In a recent study reported, a research group headed by Professor Ronggui Yang from Huazhong University of Science and Technology, China has discovered a method to make the cooling process less intensive.

The study was reported in the journal Energy Storage and Saving on February 25th, 2022.

A cooling method was developed by the researchers that integrated radiative cooling with cold storage. When used along with wet cooling, the amount of water used per year has been shown to decrease.

Harsh environments, along with growing water demands in other sectors such as agriculture, industry, and domestic uses, severely competes with power plants for water resources. As a result, we wanted to develop a technique that would make wet cooling of power plants less water-intensive and still maintain the desired thermal efficiency.

Ronggui Yang, Professor, Huazhong University of Science and Technology

The auxiliary cooling method developed by the team integrated the best of both dry and wet cooling. Radiative cooling with cold storage is a dry cooling technique involving coolers created of highly solar reflective material with the ability to direct heat dissipation at selective infrared wavelengths into deep space in the lack of absorption in the environment.

A radiative cooling system was added by the researchers to the evaporating cooling tower of a reference CSP plant alike the Mojave Solar Project in the United States.

To analyze the potential of the designed system, they made computer models to monitor the water-saving ability of daytime-only as well as day-night radiative cooling systems. The researchers examined the cooling and water-saving potential in over 3000 locations under various weather conditions in the country.

The outcomes displayed that the yearly consumption of water could decrease by 40 to 60% in the hot southwestern region of the United States by accepting daytime-only radiative cooling. But if the radiative systems together with cold storage could function day and night, the yearly water-saving potential could be as high as 65 to 85%.

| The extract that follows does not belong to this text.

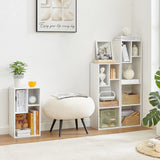 VECELO 4-Tier Bookcase, Modern Storage Cabinet with Height Difference Shelves for Standard Textbooks, 5 Cubes, Vertical or Horizontal, Easy Assembly, Pearl White VECELO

The suggested technique offers an effective approach to retaining the thermal efficiency of wet-cooled CSP plants with decreased water consumption. In this study, the knowledge gained could be beneficial for developing sophisticated round-the-clock cooling systems for CSP plants.

The global water consumption by the power generation sector is expected to double within the next four decades. Our supplemental cooling system design can help tackle the increasing water demand for power plants located in water-stressed regions amid deserts and arid regions.

Ronggui Yang, Professor, Huazhong University of Science and Technology

Journal Reference:

Aili, A., et al. (2022) Radiative Cooling and Cold Storage for Concentrated Solar Power Plants. Energy Storage and Saving.